Print, exactly and without pictures, the lines from the one where "Multiply your connectivity" appears down to the end of the entries.

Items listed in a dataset

-=-=-

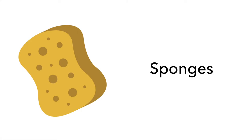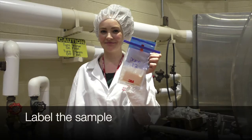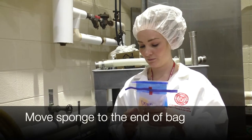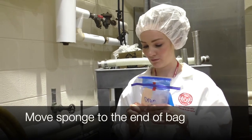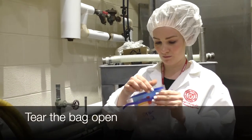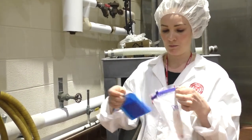Sponges are useful for sampling larger surface areas. We prefer loose sponges over sponge sticks for areas where a sponge stick won't fit but a folded sponge will. Label the sample with a permanent marker for identification. Move the sponge to the end of the bag. Tear the bag open. Note, do not set the opened bag down.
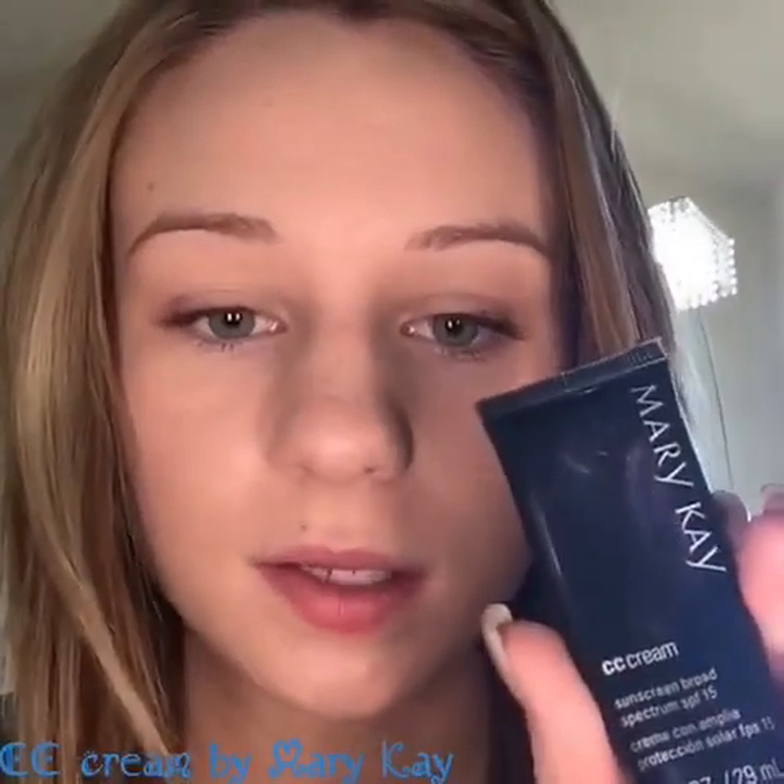All I'm using today is the CC cream by Mary Kay, and it just gave me a little bit of coverage, a little bit of color, because I'm really pale right now since it's not too warm here in Georgia. It covered up this big blemish down here which I was a little worried about. So I'm just gonna open this up and give it a try.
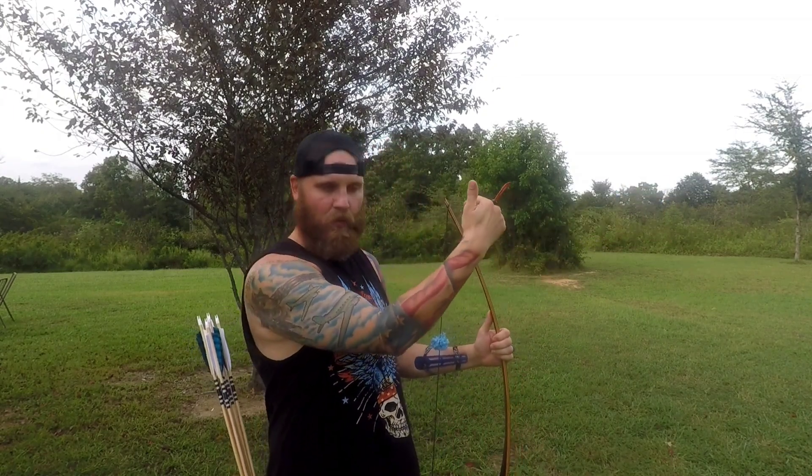Then I'm going to establish where on that target my gap is. That's number one — that's before anything ever takes place. As I'm doing that, I'm also trying to control my breathing. I'm going to take two or three good breaths. The first breath, everything comes together — I've got my yardage. Second deep breath, I'm establishing where my gap is. And that third breath, I'm kind of visualizing myself go through a shot cycle, getting my gap where it needs to be, the whole nine yards.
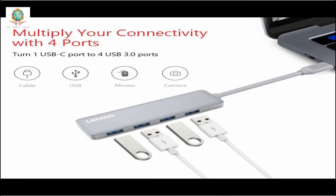Multiply your connectivity with 4 ports. Turn 1 USB-C port into 4 USB 3.0 ports — connect cable, USB mouse, camera, and more.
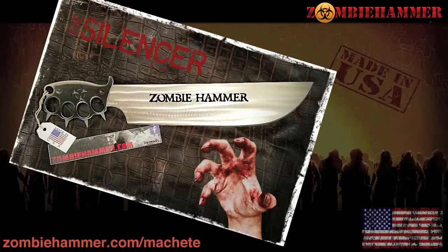Plus, it's made right here in America. And you know there ain't nothing like killing zombies with an American-made machete.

-=-=-

SOLUTION TO THE EXERCISE:
Multiply your connectivity with 4 ports. Turn 1 USB-C port into 4 USB 3.0 ports — connect cable, USB mouse, camera, and more.
Plus, it's made right here in America. And you know there ain't nothing like killing zombies with an American-made machete.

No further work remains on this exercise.